Regex to check string contains only Hex characters

Yes, you can do that with a regular expression:

^[0-9A-F]+$

Explanation:

^            Start of line.
[0-9A-F]     Character class: Any character in 0 to 9, or in A to F.
+            Quantifier: One or more of the above.
$            End of line.

To use this regular expression in Java you can for example call the matches method on a String:

boolean isHex = s.matches("[0-9A-F]+");

Note that matches finds only an exact match so you don't need the start and end of line anchors in this case. See it working online: ideone

You may also want to allow both upper and lowercase A-F, in which case you can use this regular expression:

^[0-9A-Fa-f]+$

May be you want to use the POSIX character class \p{XDigit}, so:

^\p{XDigit}+$

Additionally, if you plan to use the regular expression very often, it is recommended to use a constant in order to avoid recompile it each time, e.g.:

private static final Pattern REGEX_PATTERN = 
        Pattern.compile("^\\p{XDigit}+$");

public static void main(String[] args) {
    String input = "0123456789ABCDEF";
    System.out.println(
        REGEX_PATTERN.matcher(input).matches()
    );  // prints "true"
}

Actually, the given answer is not totally correct. The problem arises because the numbers 0-9 are also decimal values. PART of what you have to do is to test for 00-99 instead of just 0-9 to ensure that the lower values are not decimal numbers. Like so:

^([0-9A-Fa-f]{2})+$

To say these have to come in pairs! Otherwise - the string is something else! :-)

Example:

   (Pick one)
   var a = "1e5";
   var a = "10";
   var a = "314159265";

If I used the accepted answer in a regular expression it would return TRUE.

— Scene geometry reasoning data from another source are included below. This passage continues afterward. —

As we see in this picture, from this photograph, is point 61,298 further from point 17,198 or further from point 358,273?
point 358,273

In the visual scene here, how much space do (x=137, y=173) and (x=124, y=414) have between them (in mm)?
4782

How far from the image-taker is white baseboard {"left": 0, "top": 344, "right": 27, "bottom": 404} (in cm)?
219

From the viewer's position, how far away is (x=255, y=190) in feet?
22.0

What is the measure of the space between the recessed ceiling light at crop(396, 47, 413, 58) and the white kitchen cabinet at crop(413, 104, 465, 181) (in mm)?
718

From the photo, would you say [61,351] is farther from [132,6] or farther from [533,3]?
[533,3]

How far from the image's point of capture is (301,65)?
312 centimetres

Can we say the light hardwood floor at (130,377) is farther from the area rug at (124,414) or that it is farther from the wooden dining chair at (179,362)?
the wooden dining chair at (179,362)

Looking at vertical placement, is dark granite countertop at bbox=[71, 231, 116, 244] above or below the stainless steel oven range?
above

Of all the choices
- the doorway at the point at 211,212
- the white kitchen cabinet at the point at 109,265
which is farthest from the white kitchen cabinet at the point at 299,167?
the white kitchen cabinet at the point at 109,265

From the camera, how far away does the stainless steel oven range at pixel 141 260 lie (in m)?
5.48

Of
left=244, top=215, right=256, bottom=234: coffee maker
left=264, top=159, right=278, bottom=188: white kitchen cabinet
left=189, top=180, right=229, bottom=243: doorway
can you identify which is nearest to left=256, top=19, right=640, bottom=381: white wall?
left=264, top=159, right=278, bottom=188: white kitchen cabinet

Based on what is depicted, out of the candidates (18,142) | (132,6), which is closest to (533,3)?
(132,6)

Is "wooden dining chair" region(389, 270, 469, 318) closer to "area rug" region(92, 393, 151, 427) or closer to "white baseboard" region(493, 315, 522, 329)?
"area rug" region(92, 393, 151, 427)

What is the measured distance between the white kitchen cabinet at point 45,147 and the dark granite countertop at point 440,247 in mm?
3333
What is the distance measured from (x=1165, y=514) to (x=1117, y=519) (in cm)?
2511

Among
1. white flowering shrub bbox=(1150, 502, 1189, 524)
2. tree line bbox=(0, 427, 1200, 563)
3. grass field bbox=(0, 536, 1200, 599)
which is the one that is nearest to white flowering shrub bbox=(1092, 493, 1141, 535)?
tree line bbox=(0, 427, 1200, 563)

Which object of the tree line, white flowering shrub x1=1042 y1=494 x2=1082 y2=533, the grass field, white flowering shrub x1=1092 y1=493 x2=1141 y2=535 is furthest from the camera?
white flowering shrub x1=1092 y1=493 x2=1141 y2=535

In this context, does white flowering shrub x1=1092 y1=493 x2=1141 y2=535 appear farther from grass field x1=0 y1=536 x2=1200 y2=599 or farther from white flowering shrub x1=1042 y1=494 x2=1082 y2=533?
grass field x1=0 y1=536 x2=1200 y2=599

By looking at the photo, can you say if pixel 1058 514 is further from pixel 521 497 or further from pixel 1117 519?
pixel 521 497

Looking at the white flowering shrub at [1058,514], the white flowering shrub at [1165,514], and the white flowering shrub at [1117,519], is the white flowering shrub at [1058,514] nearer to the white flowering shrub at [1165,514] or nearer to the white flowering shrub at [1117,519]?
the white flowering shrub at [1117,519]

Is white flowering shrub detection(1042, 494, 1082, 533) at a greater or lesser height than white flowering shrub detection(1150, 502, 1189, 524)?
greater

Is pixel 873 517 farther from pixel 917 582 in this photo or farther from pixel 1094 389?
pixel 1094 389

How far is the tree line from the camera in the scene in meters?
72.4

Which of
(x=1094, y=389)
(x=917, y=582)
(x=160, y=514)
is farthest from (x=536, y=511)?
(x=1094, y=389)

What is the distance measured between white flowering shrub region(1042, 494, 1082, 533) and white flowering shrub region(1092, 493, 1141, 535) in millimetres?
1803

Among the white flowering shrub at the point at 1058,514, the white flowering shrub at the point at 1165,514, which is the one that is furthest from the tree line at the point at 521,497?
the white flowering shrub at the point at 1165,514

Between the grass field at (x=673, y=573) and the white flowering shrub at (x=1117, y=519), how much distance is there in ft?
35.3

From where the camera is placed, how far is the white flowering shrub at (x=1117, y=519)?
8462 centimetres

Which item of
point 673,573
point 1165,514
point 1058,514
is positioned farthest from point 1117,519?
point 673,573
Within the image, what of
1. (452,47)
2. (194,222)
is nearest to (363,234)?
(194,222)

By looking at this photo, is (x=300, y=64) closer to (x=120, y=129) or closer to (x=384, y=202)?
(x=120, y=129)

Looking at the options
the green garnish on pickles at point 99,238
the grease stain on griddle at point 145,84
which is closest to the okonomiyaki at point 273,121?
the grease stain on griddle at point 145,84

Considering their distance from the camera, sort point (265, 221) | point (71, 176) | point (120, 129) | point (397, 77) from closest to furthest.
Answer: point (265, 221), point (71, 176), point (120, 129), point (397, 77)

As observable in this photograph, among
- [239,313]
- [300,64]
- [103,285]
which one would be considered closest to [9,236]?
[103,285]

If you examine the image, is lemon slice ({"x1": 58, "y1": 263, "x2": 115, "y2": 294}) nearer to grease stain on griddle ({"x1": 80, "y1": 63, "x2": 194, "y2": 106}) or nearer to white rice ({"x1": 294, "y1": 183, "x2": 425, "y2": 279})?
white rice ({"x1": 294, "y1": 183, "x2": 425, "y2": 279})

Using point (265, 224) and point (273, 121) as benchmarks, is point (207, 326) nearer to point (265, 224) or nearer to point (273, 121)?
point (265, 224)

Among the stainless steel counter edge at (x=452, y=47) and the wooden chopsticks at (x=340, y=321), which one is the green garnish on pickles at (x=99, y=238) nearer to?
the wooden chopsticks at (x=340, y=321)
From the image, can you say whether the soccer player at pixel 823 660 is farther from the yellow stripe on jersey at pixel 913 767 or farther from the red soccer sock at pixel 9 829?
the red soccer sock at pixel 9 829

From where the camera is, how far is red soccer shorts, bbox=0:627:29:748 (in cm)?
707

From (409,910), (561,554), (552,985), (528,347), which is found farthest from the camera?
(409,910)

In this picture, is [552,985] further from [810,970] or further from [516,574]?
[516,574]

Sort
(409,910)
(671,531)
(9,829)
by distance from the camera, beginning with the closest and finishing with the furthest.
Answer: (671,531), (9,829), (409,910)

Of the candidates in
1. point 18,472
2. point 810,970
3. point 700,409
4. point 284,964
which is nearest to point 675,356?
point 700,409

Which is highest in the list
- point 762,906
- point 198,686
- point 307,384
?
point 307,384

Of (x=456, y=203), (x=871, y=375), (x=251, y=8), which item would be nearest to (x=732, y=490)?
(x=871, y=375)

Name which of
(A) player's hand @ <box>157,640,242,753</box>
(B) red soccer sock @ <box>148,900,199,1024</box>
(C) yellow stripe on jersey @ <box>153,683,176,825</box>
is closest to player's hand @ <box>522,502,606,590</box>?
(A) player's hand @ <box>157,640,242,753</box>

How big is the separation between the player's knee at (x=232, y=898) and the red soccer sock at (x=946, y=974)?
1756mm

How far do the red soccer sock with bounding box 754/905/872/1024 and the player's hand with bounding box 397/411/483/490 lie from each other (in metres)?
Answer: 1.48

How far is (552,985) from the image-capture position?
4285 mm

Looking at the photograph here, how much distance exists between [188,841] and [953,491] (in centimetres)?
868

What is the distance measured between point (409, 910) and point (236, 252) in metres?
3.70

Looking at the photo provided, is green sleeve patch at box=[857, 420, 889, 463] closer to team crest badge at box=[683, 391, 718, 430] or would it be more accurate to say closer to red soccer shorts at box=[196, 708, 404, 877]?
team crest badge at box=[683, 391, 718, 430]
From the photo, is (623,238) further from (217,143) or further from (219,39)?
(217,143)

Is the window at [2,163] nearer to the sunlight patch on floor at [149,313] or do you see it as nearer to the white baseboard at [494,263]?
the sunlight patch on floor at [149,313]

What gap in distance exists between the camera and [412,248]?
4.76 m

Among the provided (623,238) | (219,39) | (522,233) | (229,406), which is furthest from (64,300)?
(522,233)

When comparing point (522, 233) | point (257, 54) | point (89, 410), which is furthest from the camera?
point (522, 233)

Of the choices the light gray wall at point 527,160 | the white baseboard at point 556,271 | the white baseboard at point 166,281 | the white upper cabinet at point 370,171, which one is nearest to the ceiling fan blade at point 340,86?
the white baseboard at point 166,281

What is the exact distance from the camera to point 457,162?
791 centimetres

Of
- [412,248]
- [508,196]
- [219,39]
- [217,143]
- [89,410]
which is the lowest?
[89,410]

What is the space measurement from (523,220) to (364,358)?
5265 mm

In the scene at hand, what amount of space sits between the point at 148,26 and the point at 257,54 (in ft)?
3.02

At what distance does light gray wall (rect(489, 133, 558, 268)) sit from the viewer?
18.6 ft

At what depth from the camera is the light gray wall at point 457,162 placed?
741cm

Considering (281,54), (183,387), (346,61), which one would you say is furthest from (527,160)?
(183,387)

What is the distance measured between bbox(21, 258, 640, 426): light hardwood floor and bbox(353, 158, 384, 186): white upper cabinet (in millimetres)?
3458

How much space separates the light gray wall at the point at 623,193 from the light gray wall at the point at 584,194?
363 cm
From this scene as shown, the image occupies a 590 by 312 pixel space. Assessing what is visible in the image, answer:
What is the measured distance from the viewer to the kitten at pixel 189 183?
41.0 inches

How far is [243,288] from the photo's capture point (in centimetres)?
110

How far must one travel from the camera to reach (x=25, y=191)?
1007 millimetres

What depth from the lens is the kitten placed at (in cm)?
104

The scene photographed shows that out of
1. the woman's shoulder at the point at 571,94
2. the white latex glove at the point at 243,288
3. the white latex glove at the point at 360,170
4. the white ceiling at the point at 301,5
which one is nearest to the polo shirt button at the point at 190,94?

   var re1 = new RegExp( /^[0-9A-Fa-f]+$/ );
   var re2 = new RegExp( /^([0-9A-Fa-f]{2})+$/ );

   if( re1.test(a) ){ alert("#1 = This is a hex value!"); }
   if( re2.test(a) ){ alert("#2 = This IS a hex string!"); }
     else { alert("#2 = This is NOT a hex string!"); }

Note that the "10" returns TRUE in both cases. If an incoming string only has 0-9 you can NOT tell, easily if it is a hex value or a decimal value UNLESS there is a missing zero in front of off length strings (hex values always come in pairs - ie - Low byte/high byte). But values like "34" are both perfectly valid decimal OR hexadecimal numbers. They just mean two different things.

Also note that "3.14159265" is not a hex value no matter which test you do because of the period. But with the addition of the "{2}" you at least ensure it really is a hex string rather than something that LOOKS like a hex string.